My girlfriend and I have only had sex two times in which case both were without a condom. The first time was 4 weeks ago and the second time was 2 weeks ago. I never came during either times and wasn't even close. Could I still have had pre-cum? My girlfriend said she had her period a few days before our fist time and she had it again 2 weeks after. she hasn't had her cherry popped until me. Does that explain the bleeding? She says her breast have been hurting and that she's been having head aches and now today she's had stomach aches. Is she pregnant?
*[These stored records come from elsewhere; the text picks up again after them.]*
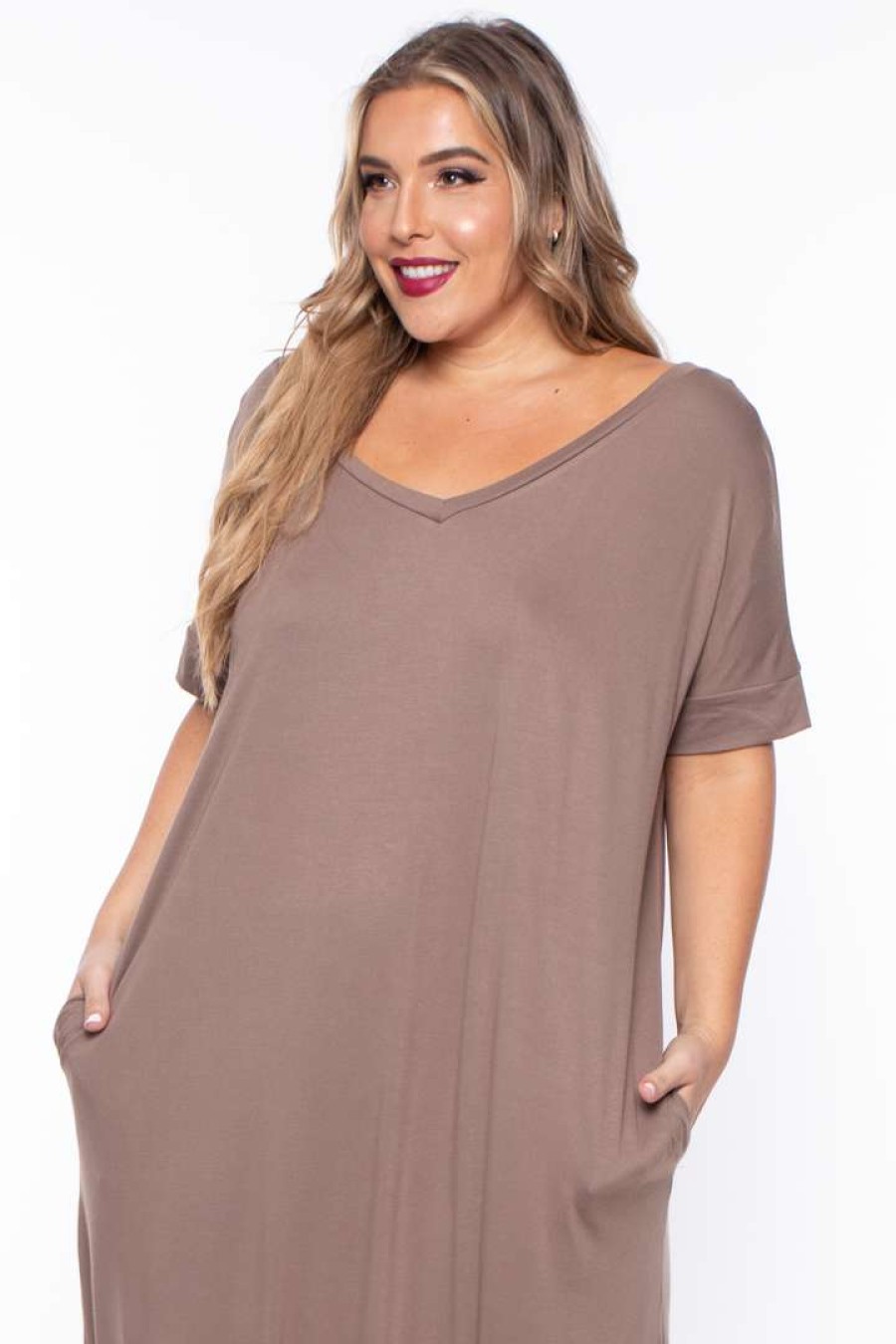 Dresses * | Zenana Dresses Plus Size Maxi T-Shirt Dress Mocha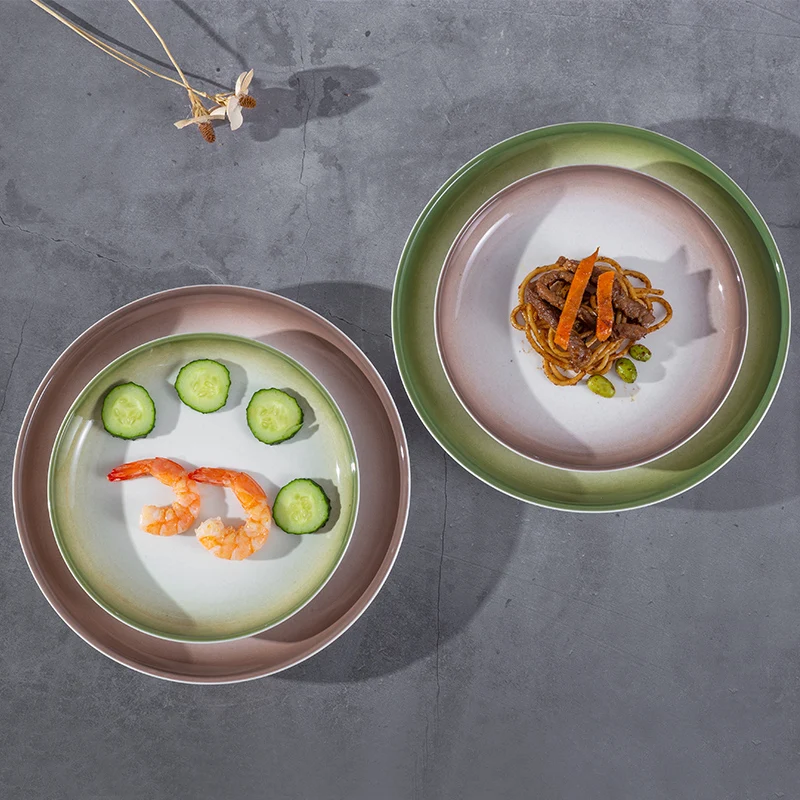 HuaDa High Quality Glazed Ceramic Dinner Plate Round Nordic Plate Set Custom Serving Dishes For Catering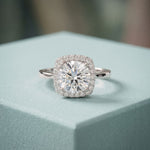 2.20 Ct Round Cut Moissanite Cushion Halo Solitaire Ring for Women White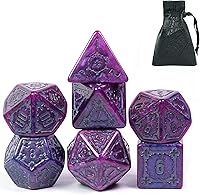 Vista 11 de Cusdie - Juego de 7 dados DND gigantes de 25 mm con bolsa de dados de ojo de dragón, juego de dados poliédricos, dados D&D para Pathfinder RPG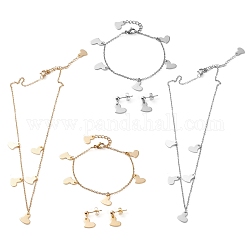 Kits de bijoux en 304 acier inoxydable, chaînes forçats pendentifs colliers & clous d'oreilles & bracelets, avec fermoir pince de homard, cœur, couleur mixte, 17.83 pouce (45.3 cm), 7.28 pouce (18.5 cm), 18mm, pin: 0.7 mm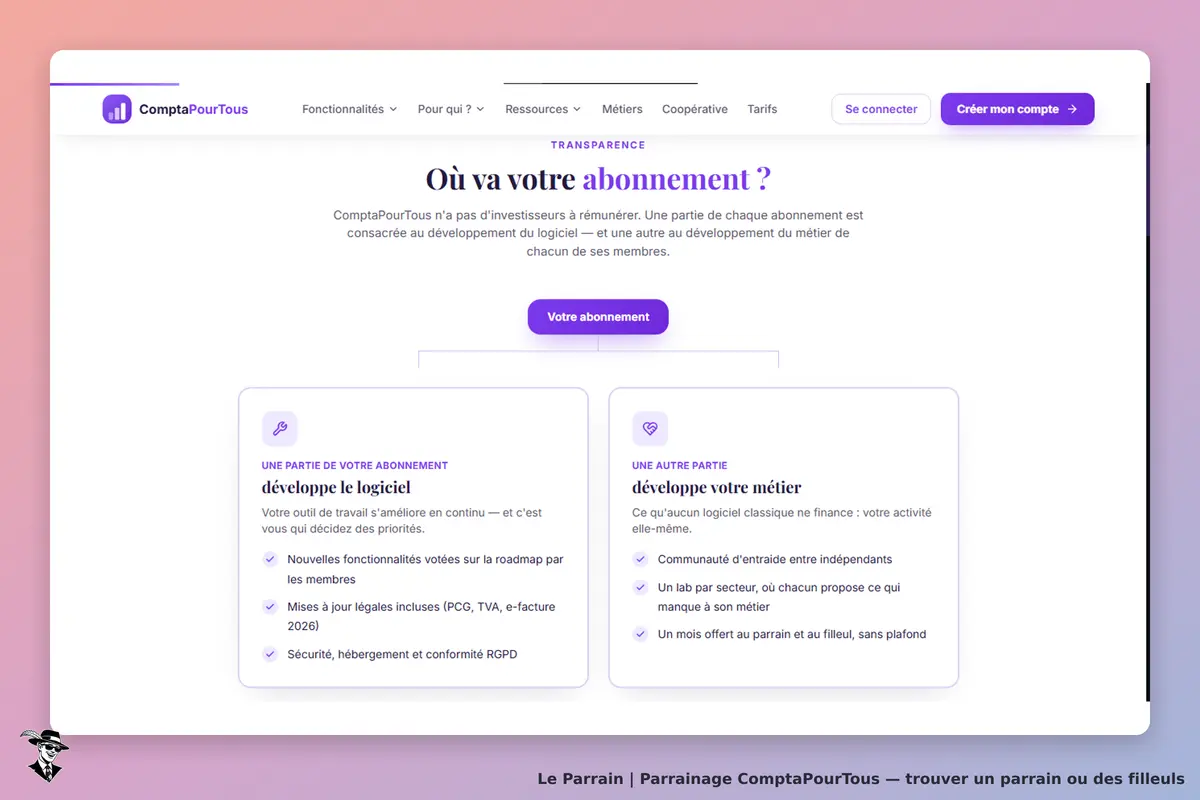 ComptaPourTous : page d'accueil présentant les avantages de l'abonnement et deux sections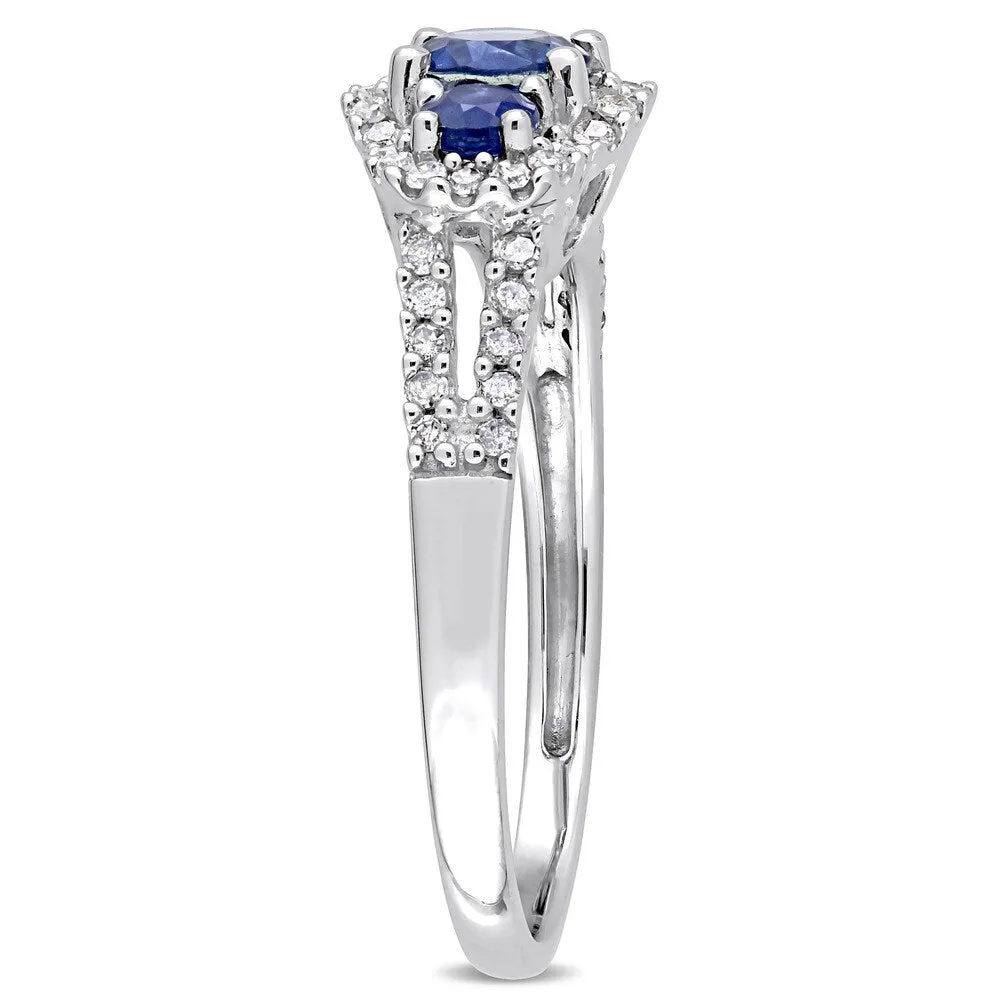 Miadora Signature Collection 10k White Gold Sapphire and 1/4ct TDW Diamond 3-Stone Halo Engagement R - Blue sold by Zulily product image thumbnail 2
Dear Could I Still Have Pre Cum,

TeenHealthFX can’t say if your girlfriend is pregnant or not but we can tell you from your actions that it is possible. Pre-ejaculatory fluid is the liquid that oozes out of the penis during sexual excitement before ejaculation occurs. Pre-ejaculatory fluids contain a small amount of sperm which can cause pregnancy and men are generally not aware of exactly when they are emitting these fluids – so it is definitely possible to become pregnant when having unprotected sex, even if ejaculation does not occur. The cherry refers to the Hymen - a ring of tissue surrounding the vaginal opening, but not covering it completely. So “cherry popped" refers to the hymen breaking and the bleeding that may occur (but does not have to) after sexual intercourse.

Engaging in sexual activity comes with a responsibility that involves protecting yourself from unwanted pregnancy and Sexually Transmitted Diseases (STD’s.) You could get a home pregnancy test to determine if your girlfriend is pregnant but TeenHealthFX strongly recommends that you follow up with a medical professional. Not only will they test for pregnancy but they can talk to you about practicing safer sex and choosing an appropriate birth control method.

If you don't have a doctor and live in northern New Jersey, you can call the Adolescent/Young Adult Center for Health at 973-971-6475 for an appointment with an adolescent medicine specialist or contact your local teen health center or Planned Parenthood. You can also contact your insurance company for a list of in-network providers.